DG: Do you have any stories, either your father or mother told you, or that you remember growing up to, as examples of the relationships between the Filipinos and the Japanese?

DR: Well, I know our neighbor, Terry Takemoto it used to be, she babysat for my sister and I a few times. And it was just kind of a nice relationship. My dad used to, like I say, used to share whatever salmon or whatever he had. It was just, he just was very respectful for the Japanese community. Like he called them "Mama-san Takemoto," and then "Mama-san Suyematsu." He just really respected the whole, the Japanese.

DG: I was going to ask about that earlier, when you mentioned people calling them "Mama." Is that a cultural thing?

DR: I don't know. I just know it by that's what my dad said, you know. I didn't question it, But that's what he called them. I don't know whether it was, it probably was a sign of respect. I know it was, because he respected them.

DG: I think my grandmother was known as "Mama-moto." [Laughs]

DR: Well, your grandmother... my Aunt Nora's granddaughter was, we had a baby, I had a baby shower at my house and your grandmother came to the baby shower. Mama Kitamoto. [Laughs]

DG: And what was, it must have... can you describe for me what it was like for your mother, coming down here for the first time as a nineteen-year-old and then getting married that first year. And so now starting to live here.

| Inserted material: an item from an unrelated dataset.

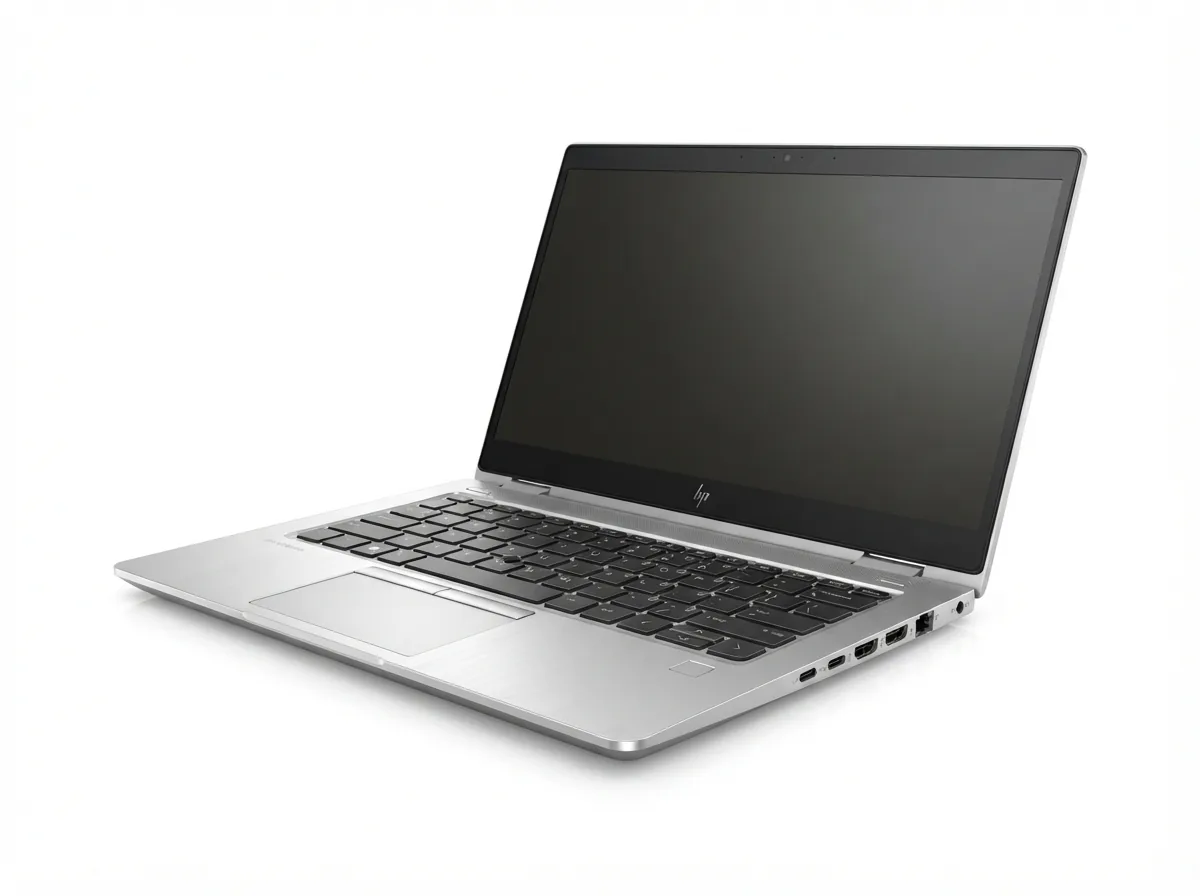 HP EliteBook 745 G6 14"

Did she share with you what it was like for her to start to live here?

DR: Actually, it was fine because a lot of the other native ladies got married, too, to Filipinos, so they got together. That's how this Filipino Hall came, came into play. And we had dances and parties and birthdays and weddings here.

<End Segment 6> - Copyright © 2007 Densho. All Rights Reserved.

<Begin Segment 7>

DG: So can you tell me about the history of the Filipino American Hall, how it got started?

DR: Well, there was... the five main founders were Felix Narte, Felix Almazon, Toby Membrere, Dan Bucsit, and Anacleto Corpuz. And they did put the money down here on this hall to start the community to bring everything together, for the Filipinos. And it did, and then all, everybody else joined. So there was quite a few of the Filipinos on the island at one time.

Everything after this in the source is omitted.